One further point must be addressed. In addition to the causes of action that this Court has now rejected, Hamby arguably has another cause of action that is not defeated by the “other Judicial inquiry” proviso of section 536.150. That cause of action is based on a different exception to the “at will” doctrine, an exception that derives not from any statute, but from implied contractual rights purportedly afforded her under the City’s personnel manual. She calls particular attention to employee grievance procedures in the manual that provide for administrative review of the employer’s alleged discriminatory acts. Her point relied on in the brief to this Court states, “The trial court erred in sustaining the respondents’ motion for summary judgment because Hamby had a property interest in her continued employment that mandated due process in that the respondents did not allow Hamby any procedural safeguards before terminating her.” This point raises a constitutional issue that was not presented to the trial court or to the Court of Appeals (although, the Court of Appeals addressed the issue sua sponte). Because constitutional issues are waived if not raised at the earliest opportunity, Department of Social Services v. Houston, 989 S.W.2d 950, 952 (Mo. banc 1999), Hamby’s belated claim is not a proper subject for this appeal.

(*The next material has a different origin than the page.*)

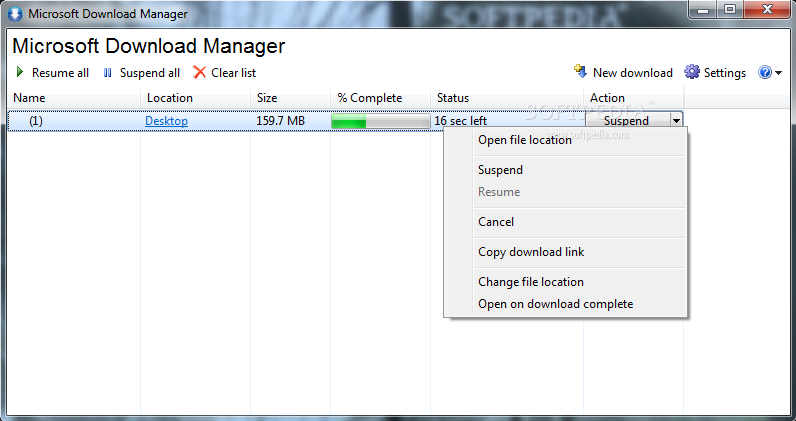 Microsoft download manager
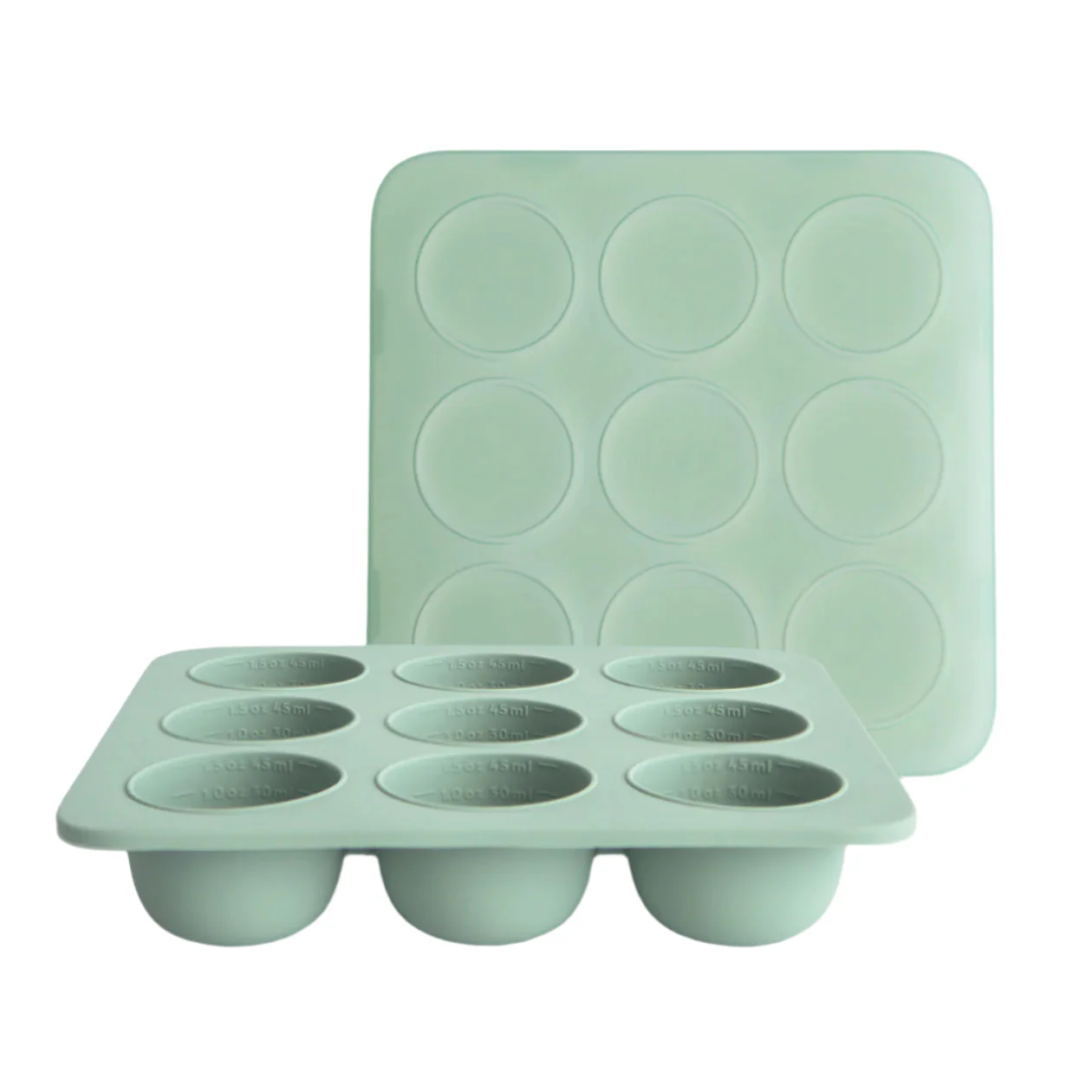 Baby Food Freezer Tray - Cambridge Blue by Mushie & Co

For the foregoing reasons, the judgment of the trial court is affirmed.

All concur. 
      
      . With leave of court, the Missouri Municipal League filed a brief as amicus curiae.
     
      
      . The federal system under Title VII has comparable procedures. The complaint is to be filed originally with the EEOC, and the complainant may thereafter bring suit in federal district court on receipt of a "right to sue letter.” 42 U.S.C. sec.2000, et seq.
     
      
      . Under sections 95.011 and 590.500, RSMo 1994, Hamby may have been entitled to the kind of administrative review that she now seeks via constitutional due process. Those sections provide, inter alia, that a police officer may request a post-termination "meeting” at which the police department must give its reasons for the termination and permit the police officer to respond. Hamby, however, made no claim under these sections, even after they were called to her attention in the brief of amicus curiae. Indeed, Hamby never raised the issue of the sufficiency of administrative review afforded by the City until prompted to do so by the Court of Appeals.